Election Fever has caught the nation. Political meetings awareness campaigns, Posters and banners fill our newspapers. Radio messages carry the candidate’s promises. Everybody seems busy preparing for the national election. Some are hoping to win a majority of votes and finally get themselves into parliament.
There are some things that make people say we are for this person. In some parts of the country women are beginning to mobilise themselves to enter politics, to speak out of women’s rights, to work hard for the rights of poor people. Link fully agrees it’s a great idea for women to enter politics. The more the better!
It is also the right time, however, to ask why do women want to run for a national seat. Why do they think it is a good for the nation for them to seek a place in parliament? What do they add to the nation if many of them sit in parliament?
Is a parliament seat seen as a way to fight for people’s rights, to make sure that the forgotten half of Solomons has a voice or is it a neat way to get a bigger slice of the economic cake, for example, RCDF monies?
We suggest to women candidates that they examine thoroughly why they seek the highest office in the land. Is it because they see it as a place to battle for good ideals? The country sorely needs people with integrity, sound minds and Christian principles. People, both women and men who have what it takes to lead this nation strongly into the new millennium should work together.
Women, Link truly believes, better represent the nation’s other half. The silent voices which are rarely hear from. Women have an inside view on women’s problems, their view point but especially the life of today’s mothers, daughters and grannies.
However, in politics women enter a structure which is governed by the majority. Political ‘horse trading, ’giving up one thing to get another rules the day. That is why it is vital that women who do enter the highest political arena keep in touch with their sisters in the village, in town and in business. No matter what it looks like, democratic power flows only one way from the bottom to the top. Not the other way!
The campaign season is promise time, empty promise time. Many budding politicians like to use God talk to paint themselves in Christian colours.
We ask women not to fall into this kind of political strategy. Keep your message short, clear and doable. Use the old KIS principle. Keep it Simple! Speak about how if you are elected, you will fight poverty. Yes we do have poor people in our society. Village mothers who have to travel many hours to have their sick child taken care of youth who feel left outside of society, old people who are neglected.

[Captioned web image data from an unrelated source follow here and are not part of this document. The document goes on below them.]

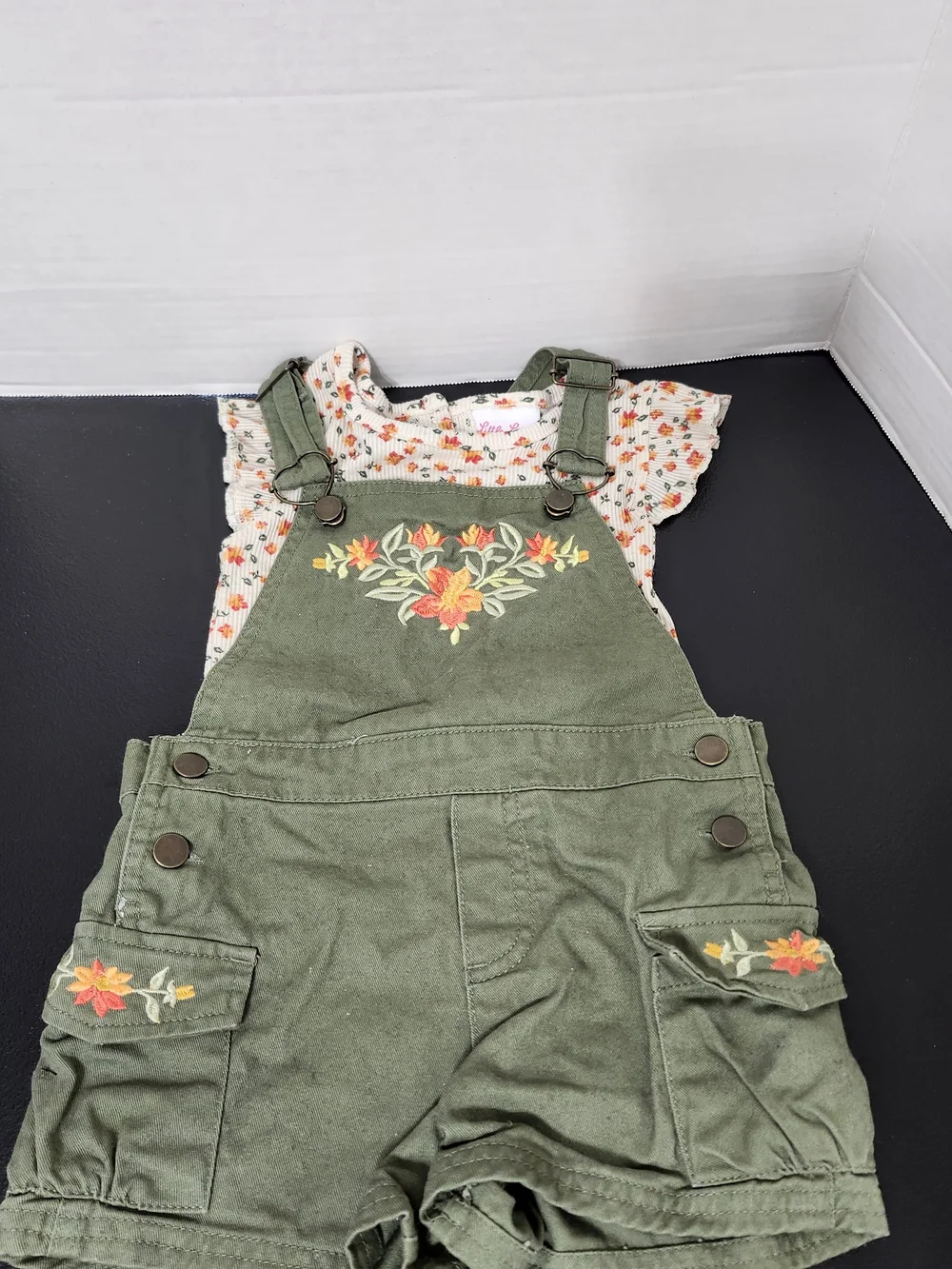 Girls 4 Olive Green Floral Embroidered Overall Shorts Set Shortalls 2 Piece Set - Picture 1 of 10
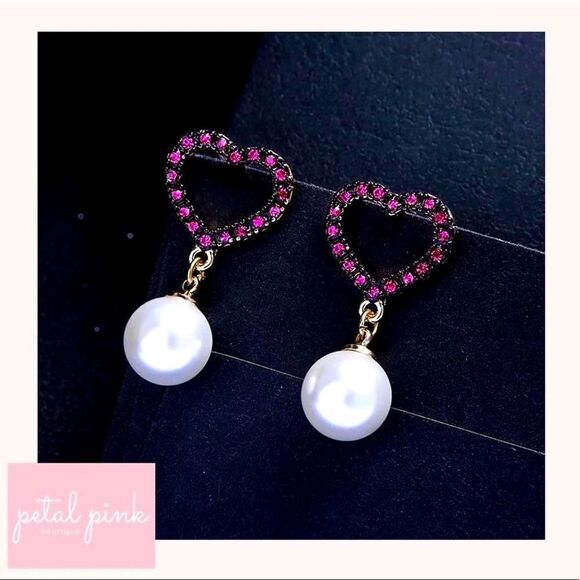 High-End Crystal Heart and Glass Pearl Drop Earrings - Picture 1 of 5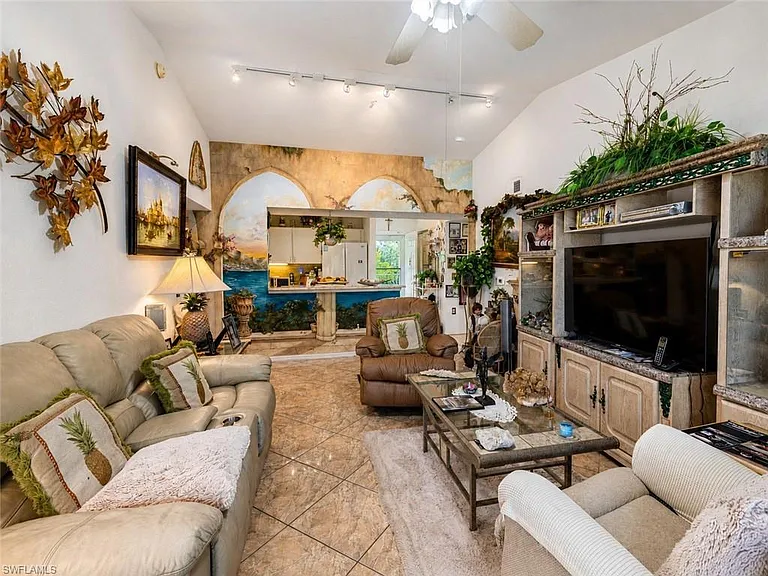 8294 Key Royal Cir #1631 — Photo 13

One of the most effective ways of getting out of poverty is to increase education opportunities. That doesn’t mean just opening up more schools, getting more children into secondary, having more overseas training. But working for on-going education for adults, non-formal education for women and young adults, and better preschool.
Forgetting one’s roots
Over the past 35 year’s independence, our Honourable have forgotten their roots. Everyone of them have been born in a village, grew up there but now don’t want to have anything to do with the village. How many times do they revisit their roots? When was the last time they did something worthwhile for their village people? The answer they usually give is just before election time! Isn’t this the reason that village people do not really know their parliamentarian?
Women do better than men?
Link does not say: Women do better than men in politics, what we do say however is that women will not do as badly as the men have done over the past 35 years of independence. Women’s political track record will not destroy a nation through the family, through the children and through the group. Women’s natural instincts are towards the family the group, not business. Give them a chance to address women’s needs and rights rather than business as the top priority.